Os parlamentares receberão carta branca para discutir Andrew Mountbatten-Windsor e seu relacionamento com o pedófilo Jeffrey Epstein na Câmara dos Comuns.
Espera-se que o presidente da Câmara, Sir Lindsay Hoyle, permita que os deputados debatam o irmão do rei, uma vez que ele já não é considerado um membro activo da família real.
Ao abrigo da convenção há muito estabelecida em Erskine May – o Livro de Regras Parlamentares – os deputados têm sido tradicionalmente desencorajados de discutir a monarquia na Câmara dos Comuns.
No entanto, Andrew agora será um jogo justo, já que foi destituído de seus títulos de príncipe e duque de York no ano passado, depois que surgiram e-mails que lançaram dúvidas sobre alegações anteriores sobre quando ele terminou com Epstein.
Mas, apesar disso, os deputados serão lembrados de que devem abster-se de discutir o rei e outros membros da família real, incluindo as filhas de André, as princesas Beatrice e Eugenie.
É provável que o orador aconselhe os legisladores que devem ter cuidado para não dizer nada que possa obstruir qualquer processo legal, uma vez que a regra sub judice da Câmara proíbe a menção de casos activos e desencoraja a discussão de investigações policiais em curso.
Isso acontece depois que Andrew foi preso na última quinta-feira por suspeita de má conduta em cargo público e libertado sob investigação por supostamente vazar informações confidenciais para Epstein enquanto servia como enviado comercial do Reino Unido. Ele sempre negou qualquer irregularidade.
Os deputados de todo o partido preparam-se para pressionar por respostas sobre como ele conseguiu representar a nação durante uma década com uma supervisão aparentemente mínima, apesar das preocupações sobre as suas amizades duvidosas.
Espera-se que o presidente da Câmara dos Comuns, Sir Lindsay Hoyle (na foto), permita que os parlamentares discutam o irmão do monarca no debate, já que ele não é mais considerado um membro ativo da família real.
Os deputados de Erskine May têm sido tradicionalmente desencorajados de discutir a monarquia na Câmara dos Comuns ao abrigo do Livro de Regras Parlamentares. No entanto, Andrew agora será um alvo justo, já que foi destituído de seus títulos de príncipe e duque de York no ano passado.
Os Liberais Democratas estão considerando usar um debate no dia da oposição na terça-feira para forçar um debate para examinar mais detalhadamente o papel de Andrew como ex-enviado comercial.
E na segunda-feira, a líder conservadora Kimmy Badenoch pediu ao Departamento de Negócios e Comércio que abrisse seus arquivos sobre Andrew para ajudar na investigação.
Ele disse: ‘O príncipe Andrew teria recebido isso porque poderia abrir a porta, mas se houver alguma coisa nessas alegações de má conduta em cargos públicos, todos os arquivos deveriam ser divulgados e investigados.’
Uma fonte do Partido Liberal Democrata disse que o partido estava a considerar usar o debate para procurar “mais transparência e escrutínio parlamentar” em torno do papel de Andrew financiado pelos contribuintes. Entende-se que o partido ainda está discutindo os detalhes exatos da moção com os secretários do Commons.
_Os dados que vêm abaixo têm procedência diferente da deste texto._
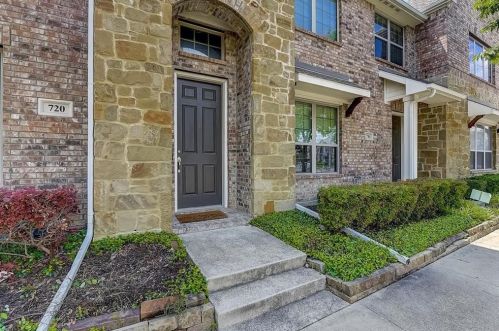 720 Greenville Ave, Richardson TX  75081-4112 exterior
Um porta-voz disse: “O governo deve responder às principais questões sobre o papel de Andrew Mountbatten-Windsor como enviado comercial e como ele foi capaz de agir com aparente impunidade. Os Liberais Democratas aproveitarão o Dia da Nossa Oposição para forçar este debate a público.
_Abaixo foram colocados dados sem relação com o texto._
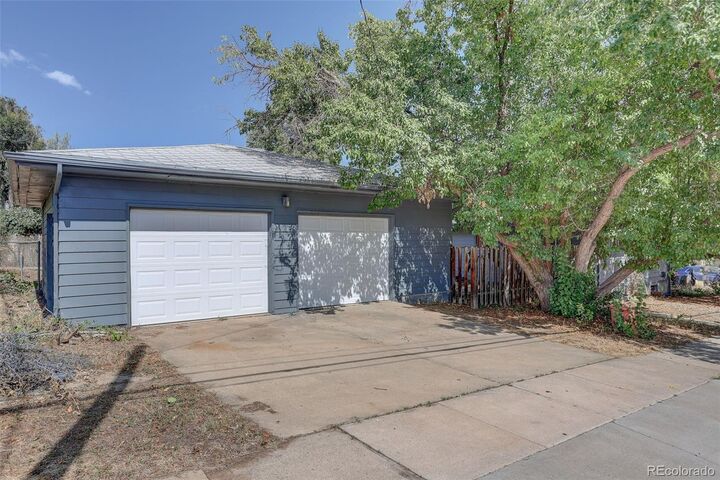 Property Photo:  901 Garfield Avenue  CO 80027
«Não se pode esperar que o Parlamento olhe para o outro lado. Temos de ser capazes de debater esta questão plenamente, sem medo ou preconceito, sem prejudicar as investigações policiais em curso.
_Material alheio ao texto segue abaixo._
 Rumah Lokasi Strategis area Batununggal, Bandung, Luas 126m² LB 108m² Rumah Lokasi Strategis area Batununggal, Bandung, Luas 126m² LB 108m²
«O público merece total transparência sobre este escândalo, para que possamos responsabilizar quem está no poder e reconstruir a confiança do público nas nossas instituições.»
A queda de Andrew provocou novos apelos por maior transparência em torno da família real, que está em grande parte isenta das leis de liberdade de informação e de maior escrutínio parlamentar.
A secretária de Educação, Bridget Phillipson, recusou-se no domingo a anular o inquérito liderado por um ex-juiz de Duke. “Acreditamos que todas as opções devem estar abertas à consideração. Isto é muito sério”, disse ele ao GB News.
Qualquer investigação independente seria concebida para estabelecer informações sobre a relação de Andrew com Epstein, bem como problemas mais amplos ou falhas na sua posição como embaixador comercial.
Isso aconteceu depois que o The Mail on Sunday revelou que o rei havia sido avisado de que o nome da família estava sendo “utilizado indevidamente” pelos contatos de Andrew.
Num e-mail bombástico, um denunciante disse ao palácio em 2019 que Andrew tinha ligações financeiras secretas com o controverso financista milionário David Rowland, que explorava as suas ligações reais.